David Wilson, Andre Brown – Giants – RB
Although he’s only 26, Ahmad Bradshaw is due $3.75 million in 2013 and has missed seven games due to injury over the last two seasons. The Giants could decide to cut him loose and go forward with a strong Wilson-Brown two-headed attack. One would imagine that Wilson, the team’s first-round pick in 2012, will lead that attack, but Brown should not be overlooked. He dominated the backfield snaps when Bradshaw was out in 2012, averaging an impressive 5.3 yards-per-carry and scoring eight times on just 73 carries. Wilson, meanwhile, is the significantly more explosive back of the two. He racked up 5.0 YPC and scored five total touchdowns on 75 offensive touches. If Bradshaw is cut loose, expect to see a lot of Wilson between the 20s, with Brown seeing 8-12 touches and most of the carries inside-the-five.
Kendall Wright – Titans – WR
If a rookie leads his team in targets and no one notices, does it make a sound? Or something like that. Despite missing Week 16 due to injury, Wright easily led Tennessee with 95 targets. Even more promising is the fact that his role was expanding in the weeks leading up to his injury. He had enjoyed a total of 25 targets during a three-game span covering Weeks 12-to-14. What’s really interesting about Wright is that he only played 55 percent of the Titans’ offensive snaps, running just 65 percent of all possible pass routes. Although he worked primarily as an outside receiver, Wright did most of his damage underneath during his rookie campaign, putting up a 6.5 average depth of target – fifth lowest at the position.
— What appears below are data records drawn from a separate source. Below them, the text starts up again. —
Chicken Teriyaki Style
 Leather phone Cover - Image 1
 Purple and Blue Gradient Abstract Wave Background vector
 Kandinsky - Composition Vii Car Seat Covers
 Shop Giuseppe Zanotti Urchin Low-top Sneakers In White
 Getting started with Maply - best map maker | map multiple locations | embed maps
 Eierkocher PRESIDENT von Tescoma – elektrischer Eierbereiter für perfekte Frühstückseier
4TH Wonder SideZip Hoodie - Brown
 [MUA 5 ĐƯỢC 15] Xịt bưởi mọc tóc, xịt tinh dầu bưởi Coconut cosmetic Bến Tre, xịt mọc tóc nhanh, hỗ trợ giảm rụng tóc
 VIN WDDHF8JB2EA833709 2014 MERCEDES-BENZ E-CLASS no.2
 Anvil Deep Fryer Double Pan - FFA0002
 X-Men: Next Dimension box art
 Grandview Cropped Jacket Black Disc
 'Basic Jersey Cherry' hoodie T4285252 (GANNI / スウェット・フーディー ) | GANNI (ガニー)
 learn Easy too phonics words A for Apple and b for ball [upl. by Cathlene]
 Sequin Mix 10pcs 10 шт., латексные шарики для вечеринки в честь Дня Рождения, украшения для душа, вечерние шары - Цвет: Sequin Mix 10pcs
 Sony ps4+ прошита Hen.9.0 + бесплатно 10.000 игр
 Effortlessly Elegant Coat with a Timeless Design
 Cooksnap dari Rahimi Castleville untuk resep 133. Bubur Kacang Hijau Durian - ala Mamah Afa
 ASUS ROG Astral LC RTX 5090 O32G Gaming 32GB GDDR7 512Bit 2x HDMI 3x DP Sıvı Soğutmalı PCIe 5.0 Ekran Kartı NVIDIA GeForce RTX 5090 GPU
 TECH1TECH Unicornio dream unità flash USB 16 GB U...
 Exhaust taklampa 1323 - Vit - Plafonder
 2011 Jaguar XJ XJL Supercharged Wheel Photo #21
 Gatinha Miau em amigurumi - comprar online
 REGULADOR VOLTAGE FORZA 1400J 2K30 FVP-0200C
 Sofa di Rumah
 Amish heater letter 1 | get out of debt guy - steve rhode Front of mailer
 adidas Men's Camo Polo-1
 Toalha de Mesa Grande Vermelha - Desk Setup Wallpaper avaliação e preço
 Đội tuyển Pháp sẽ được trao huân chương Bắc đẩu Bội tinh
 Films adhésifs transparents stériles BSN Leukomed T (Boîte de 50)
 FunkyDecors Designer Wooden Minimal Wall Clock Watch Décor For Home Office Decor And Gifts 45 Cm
With an expanded role, improved quarterback play, and more vertical routes – something he did often (and well) at Baylor, Tennessee’s 2012 first-round pick should be in a breakout sophomore season.
A.J. Jenkins – 49ers – WR
Despite season-ending injuries to both Kyle Williams and Mario Manningham, Jenkins, the team’s 2012 first-round pick, managed to play only 46 snaps during his rookie season. He dropped his only target. As uninspiring as that is, there is a ton of room for optimism. First off, the opportunity is there. Mario Manningham returns from injury, but could be a cap casualty. Ted Ginn and Randy Moss are both unrestricted free agents and unlikely to return. A wide receiver selected in the first round will eventually get a legitimate shot at a starting job. Second, Jenkins received a vote of confidence from 49ers’ coaches after what was essentially a “redshirt” season. Third, he has the skills. He caught 90 passes as a Senior at Illinois, impressed at the Shrine Game and Senior Bowl, and put up a 4.39 40 time at the Combine. Finally, the 49ers offense is significantly more explosive with Colin Kaepernick under center. If all goes well during Training Camp and in the preseason, Jenkins will be on the radar as a potential ‘Randall Cobb of 2013’.
Vincent Brown – Chargers – WR
With all eyes on Danario Alexander and Malcom Floyd, Brown has the looks of a major sleeper in 2013. A third-round pick in 2011, Brown showed signs he could be an impact player with 19 catches, 329 yards, and two scores on 38 rookie-season targets. Seemingly in line to replace Vincent Jackson as the team’s top wideout, a fractured ankle cost Brown the entire 2012 season. He returns to a suddenly-crowded wide receiver unit in 2013, but figures to be on even footing with Alexander and Floyd for one of the team’s starting jobs. He makes for an ideal buy low.